EGA is one of the principle Archive resources that distributes data to the researchers. Our data distribution is made through HTTP, ASPERA and API REST HTTP. During the last couple of years we’ve seen an increase in the amount of data that the archive transfers to researchers in excess of 2PiB per year.
To cope with the increase of traffic in our Data APi we want to improve the transfer performance of our HTTP API and at the same time, upgrade the existing technology stack. We see this as a starting point for a new design that will encompass all the metadata and file transfer services.
New data-edge: that it will be communicating with file database service and the key database service, the AAI Service and needs to be talking with FIRE. We are gonna use the latest version of the spring framework library and we will experiment with the reactive approach that could provide better performance.
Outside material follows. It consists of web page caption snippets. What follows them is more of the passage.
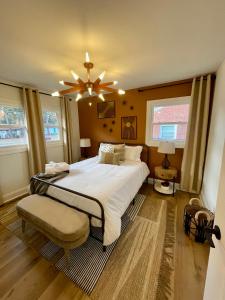 um quarto com uma cama grande e uma ventoinha de tecto em Mirabelle 3bd/1ba 5 min from Downtown/Duke/RTP em Durham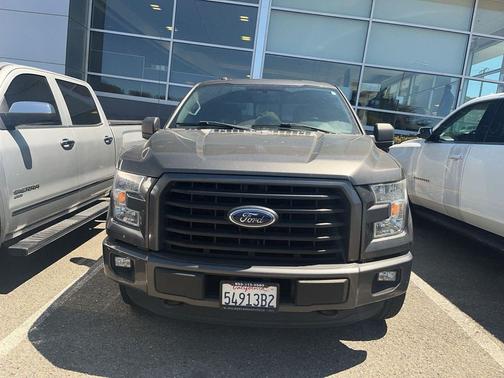 Magnetic 2016 Ford F-150 XLT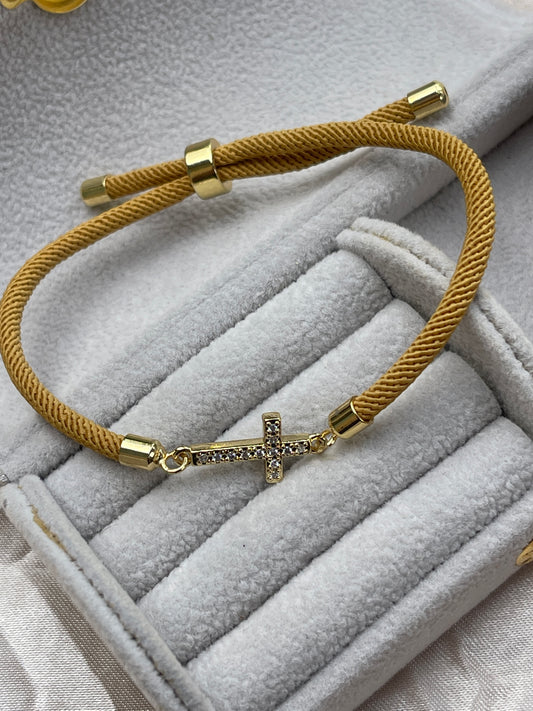 Pulsera de cruz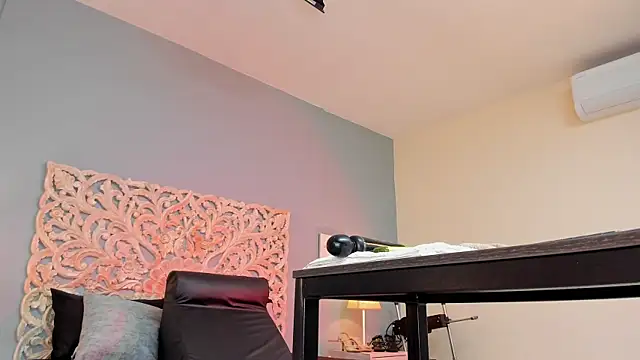 lupeebony online show from September 20, 9:13 pm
Make sure that the client goes directly to the Data-Edge, and we are simplifying the traffic, the data will travel from FIRE to new-Data-Edge and to new-data-Edge to Client (finally user).
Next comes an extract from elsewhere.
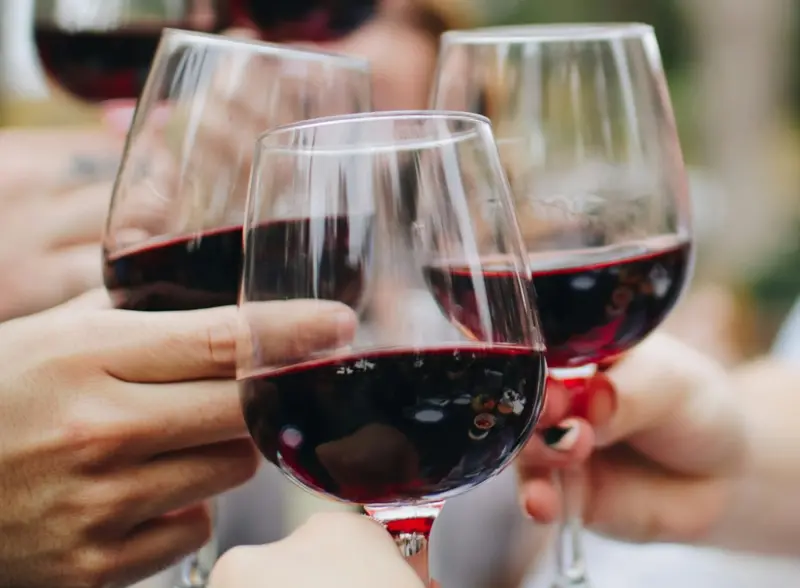 ▲每年10月14日正逢「葡萄酒情人節」（Wine Day），不少戀人會選在這天一同慶祝。《NOWNEWS》整理葡萄酒情人節由來、意義與慶祝方式，帶領讀者一文看懂。（圖／取自unsplash）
We decided this proposal because we will be able to test it without any current dependencies. We will also be able to test cut-edge technology and try things that we can not try in our day by day work.
This proposal is factible to make in two people in 3 days because the code for doing that, we have it, we are going to use the API to access FIRE with the APIS3.
Clean up Data-API. Simplify as much as possible focusing our attention in the new Data-Edge. This will also generate future work for the EGA such the creation of the new RES, the modification of Htsget in order to use the new RES, and several tests and trials before replacing the whole thing into production.
We will be coding a new DataEdge version from scratch that will include the re-encryption code and it will not use a third service that suppose an extra-network cost. We will aim to have a more stable service and reduce the dependencies that currently are damaging our performance.
For the first stage in this Hackathon we will focus on re-do the data-Edge, if we see that we can cover more ground during this Hackathon we will consider further modifications to clean up and reduce the service interdependencies.